However the truth is you by not "overreacting" have allowed him to continue with his cheating and terrible behaviour. You do have poor boundaries. It's not your fault that he is a cheater. But it is you are the one allowing him to do this and continue to do this.

There should have been dire consequences at the beginning of his poor behaviour. 

Personally I couldn't stay with someone who disrespected me like that.

Also it's not your fault that he's not wanting to sleep with you, it's his. And yes he should have old you he was bisexual. I personally wouldn't want to marry someone who identified as such myself.


----------



## Coffee Amore (Dec 15, 2011)

If you want advice you might want to tone down the defensiveness.  

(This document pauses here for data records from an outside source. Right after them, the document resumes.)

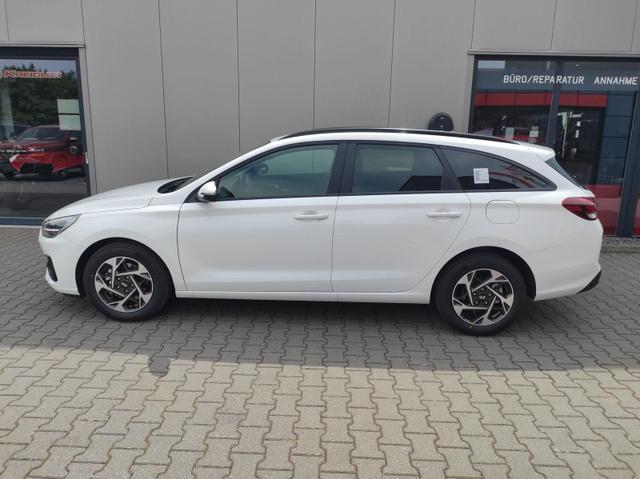 Hyundai i30 Kombi Smart SW DCT 1.5 MJ25*Navi*LED*Shzg*PDCv&h*Cam*16 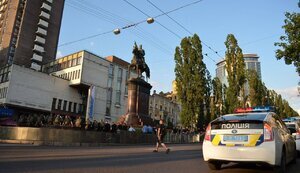 памятник,щорс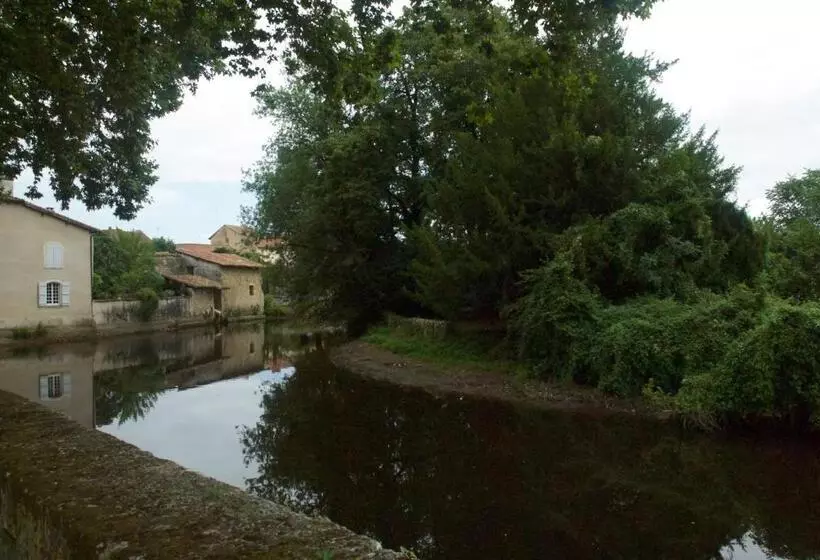 Le Clos Des Cedres B&b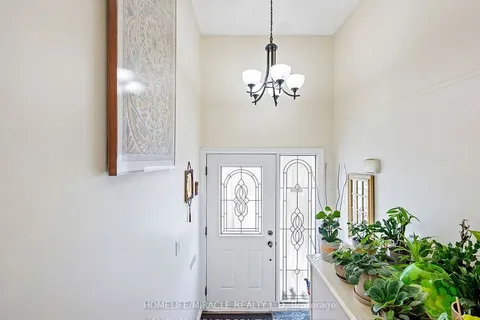 3684 Ellengale Drive, Mississauga, ON L5C 1Z7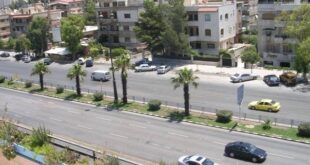 سيارة ترمي شاب على أوتوستراد المزة في دمشق.. هذا ما جرى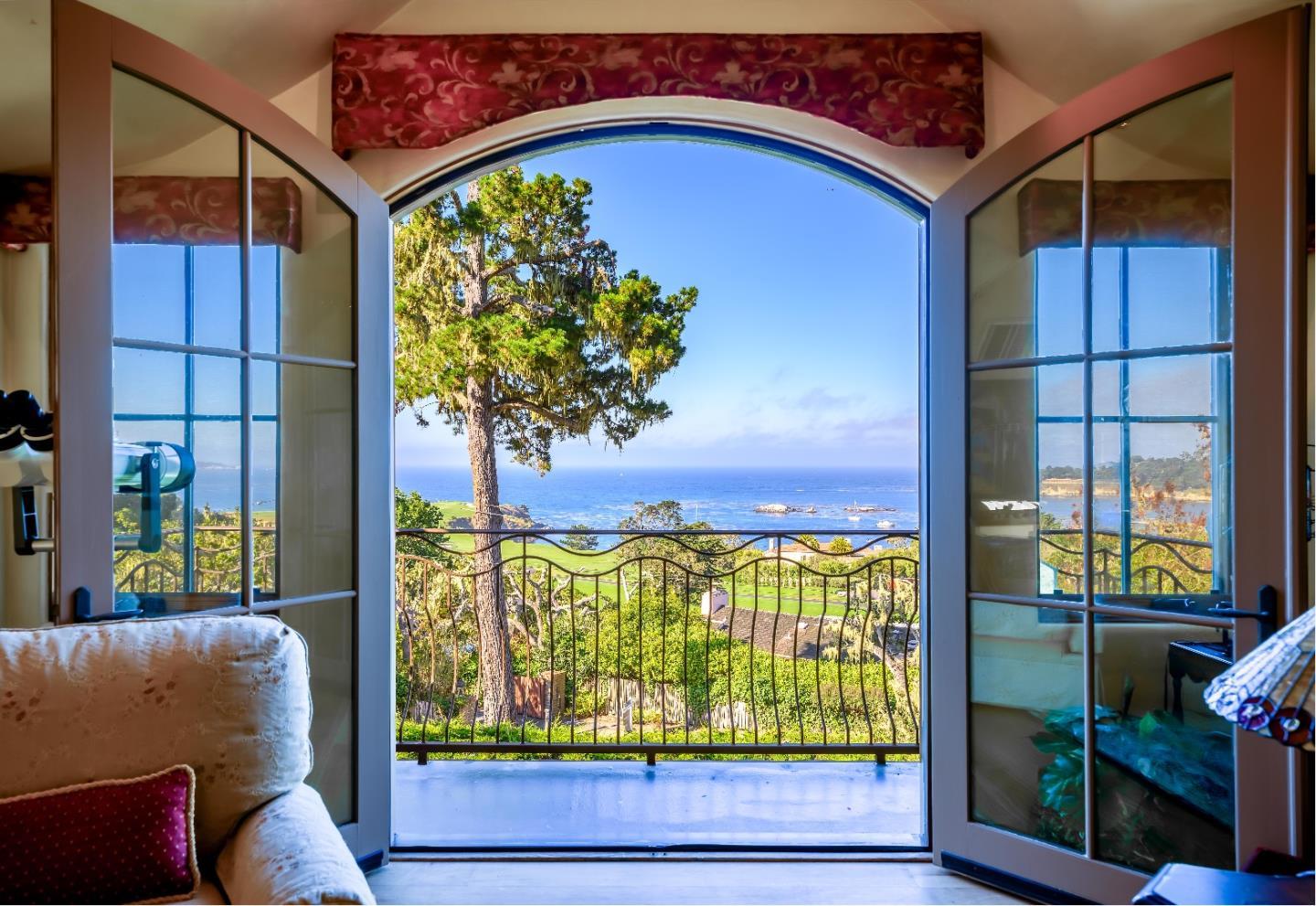 Detail Gallery Image 34 of 49 For 3365 17 Mile Dr, Pebble Beach,  CA 93953 - 5 Beds | 6 Baths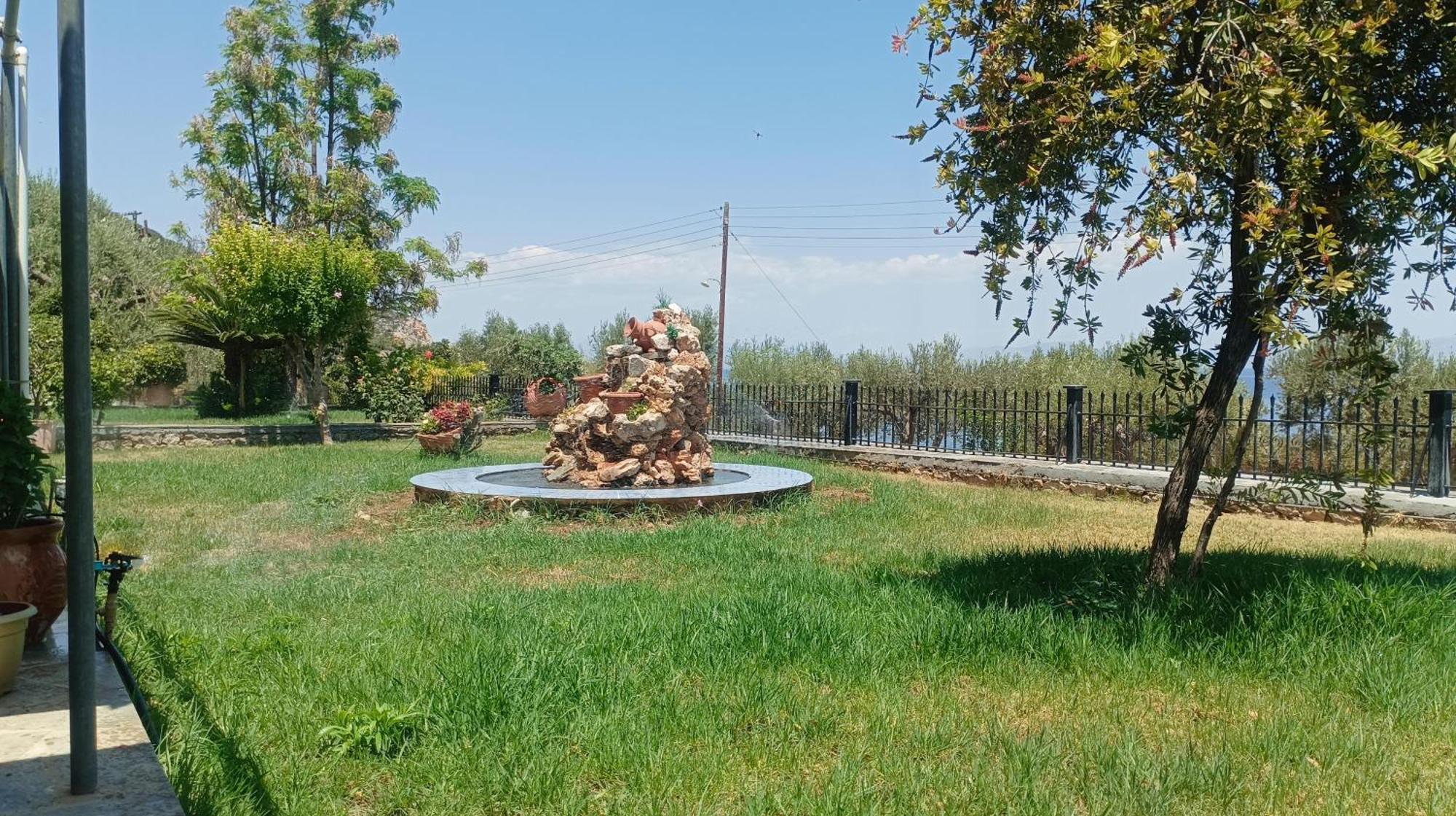 Studios Zaritsi Tyros Exterior photo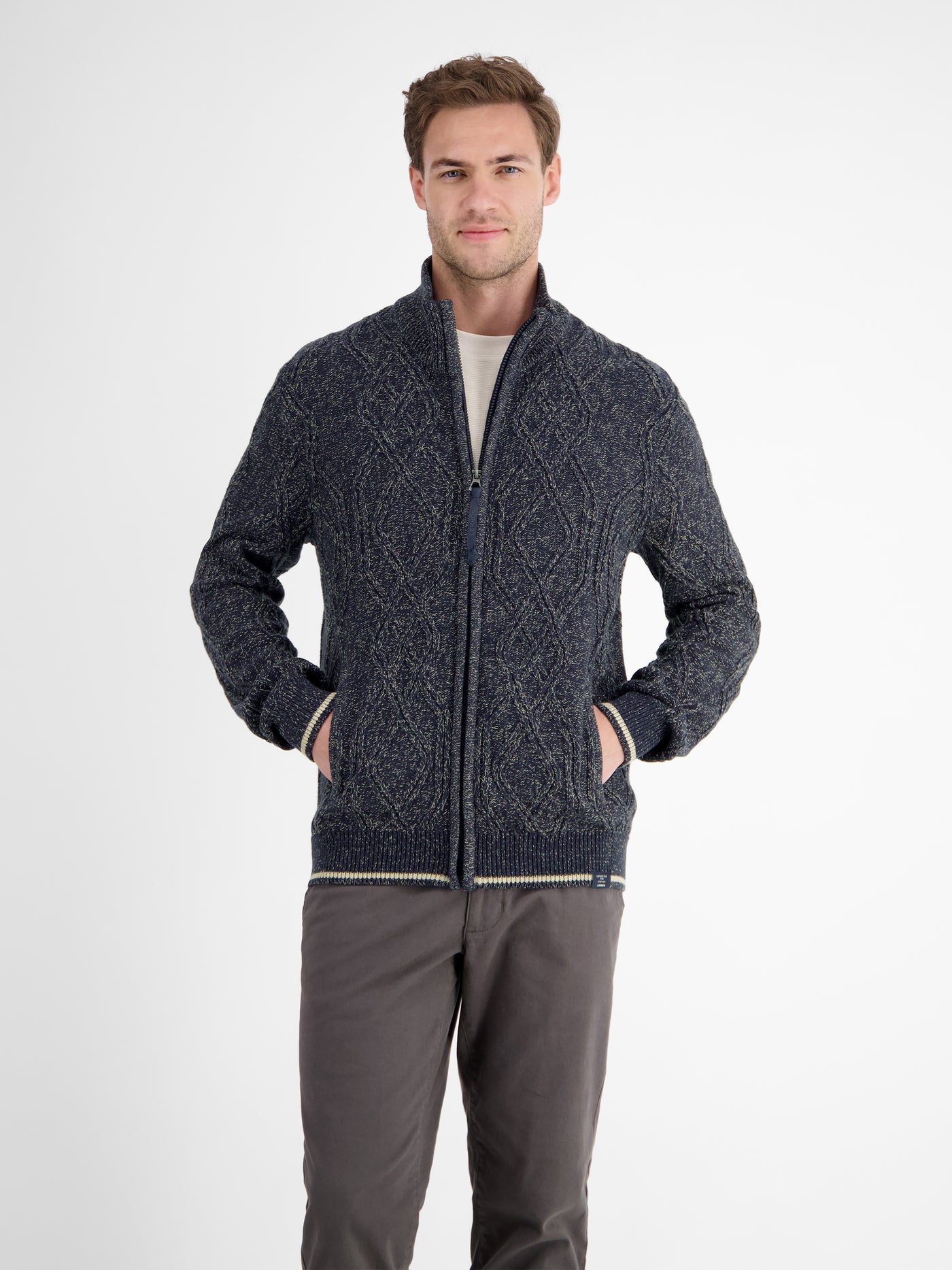 Herren-Strickjacke mit Zopfmuster - LERROS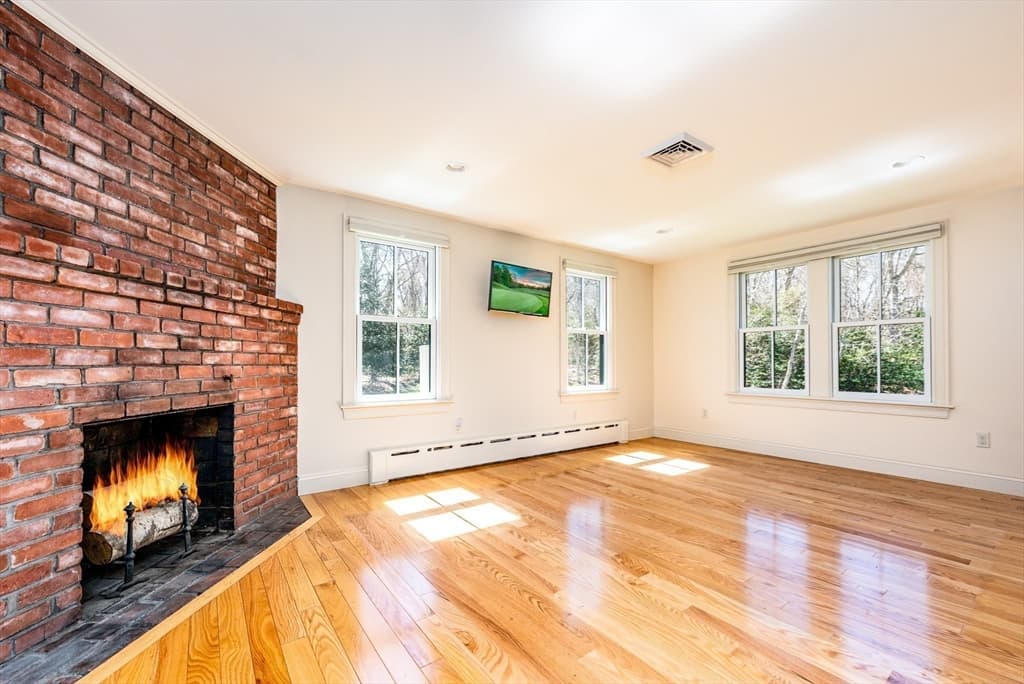 339 Cedar St, Barnstable MA 02668 photo 7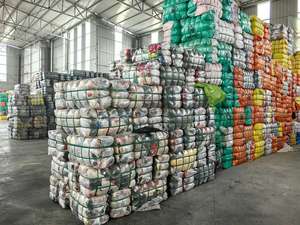 SF01 Ukay Bales Abbigliamento di Seconda Mano Economico per <span class=keywords><strong>Donna</strong></span>: Vestiti, Camicette, Jeans, <span class=keywords><strong>Stock</strong></span> Misto di Abbigliamento Usato all'Ingrosso - Product Image 1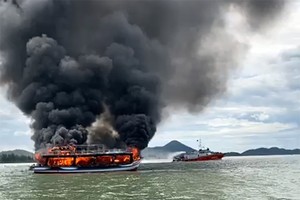 富國島遊船在海盜島失火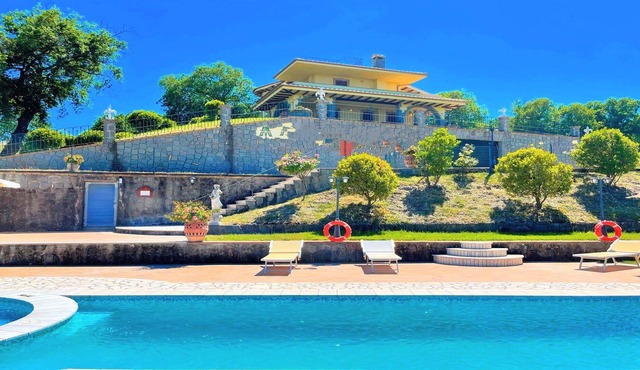 LAKE VIEW BOLSENA-LUXURY EXCLUSIVE VILLA/POOL+JACUZZI/SLEEPS 20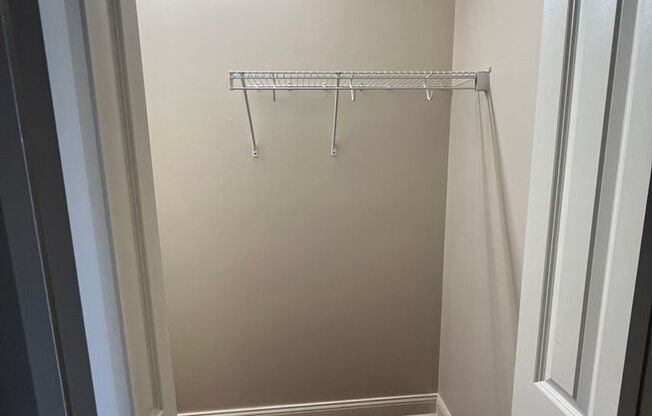 Studio, 1 bath, 442 sqft, $1,100, Unit 409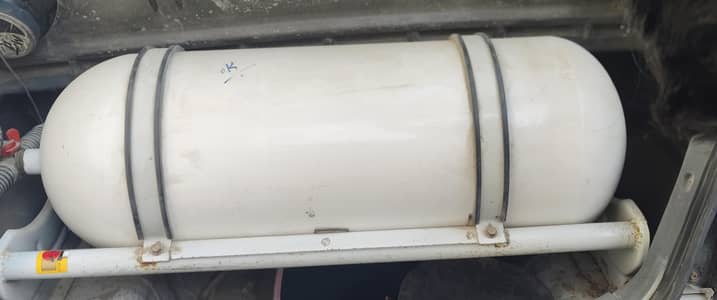 Suzuki cultus CNG kits cylinder complete set ha urgent sale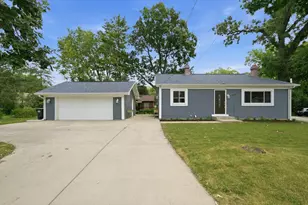 444 Pleasure Dr, Mundelein, IL 60060 - Photo 1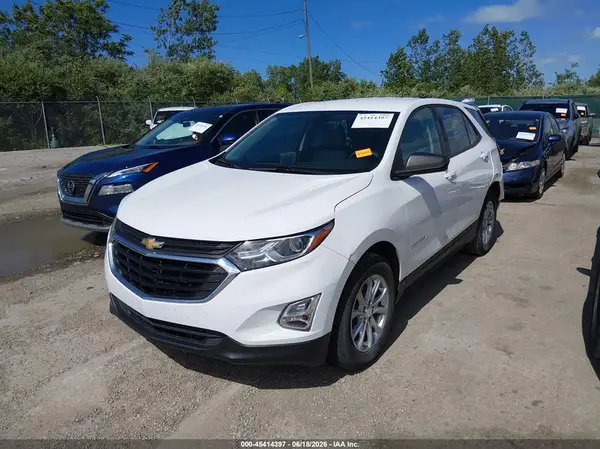 3GNAXHEV8KL301390 2019 CHEVROLET EQUINOX - Image 2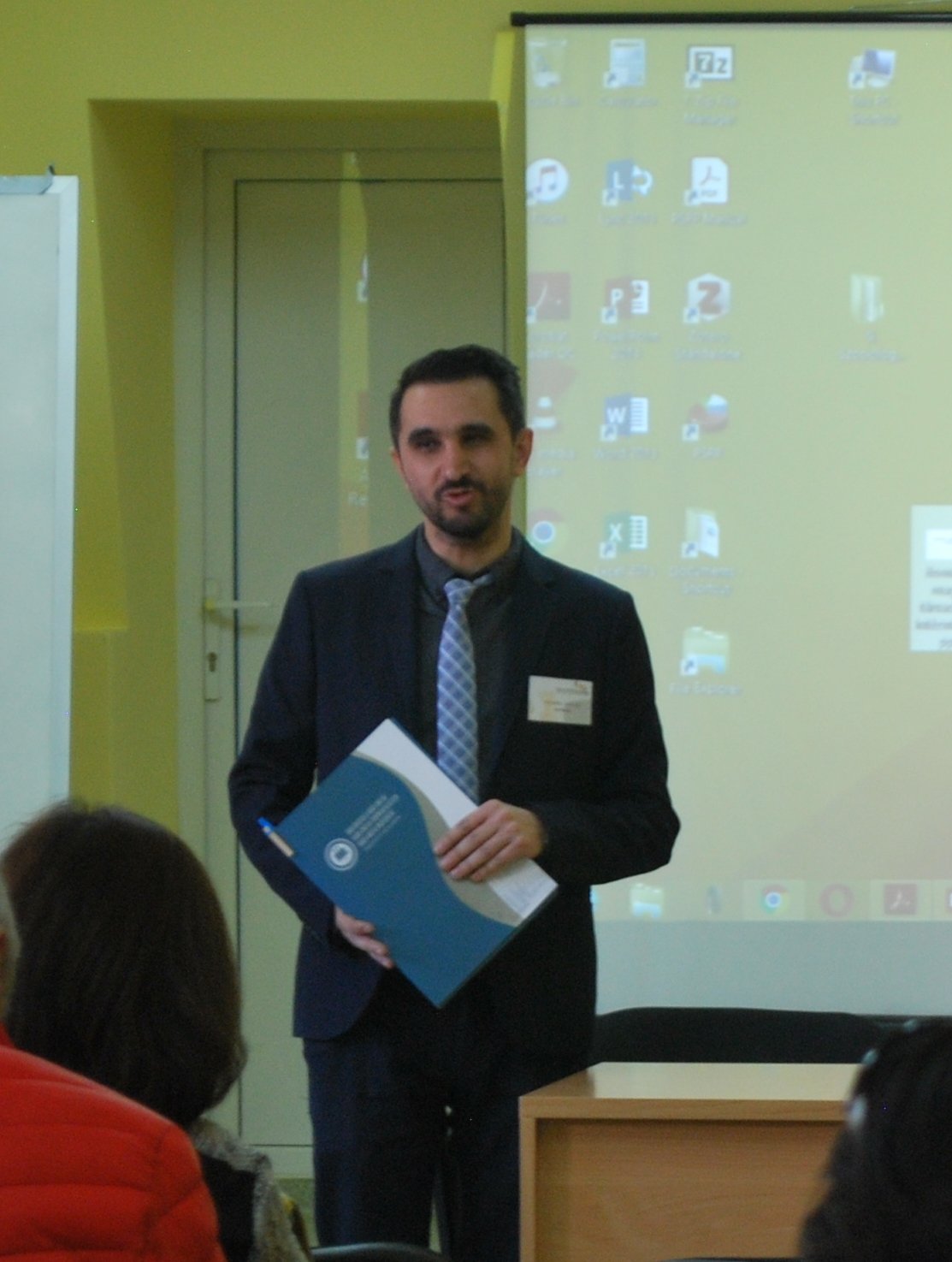 Veres Valér szerint társadalmi szempontokat is figyelembe kell venniük a hatóságoknak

I don't know what the sexual perversion you saw that you can't name is, but if it's illegal (and I don't know if it is), please report it. Otherwise, there are websites like fetlife.com and collarme.com that cater to various fetishes. I don't personally have any experience with the sites, but I've come across online friends who participate on both sites. There's a woman who posts here whose husband came out as bi after a traumatic brain injury. They learned to accomodate his desires while still being married to each other. Granted she's in the minority, but there are couples who manage to make it work. It takes effort on both sides.

You really are at a crossroads. You have to decide if you're happier with him or without him. You're still young, and if your username is any indication, it sounds like you're in a good profession. You have a lot to offer someone. I personally would leave. I couldn't be married to a bi man. I would always wonder if I was enough for him. 

By the way, there's nothing wrong with the occasionally reading emails or texts one's spouse sends. Trust but verify. Blind trust is not conducive to a healthy relationship.


----------



## grenville (Sep 21, 2011)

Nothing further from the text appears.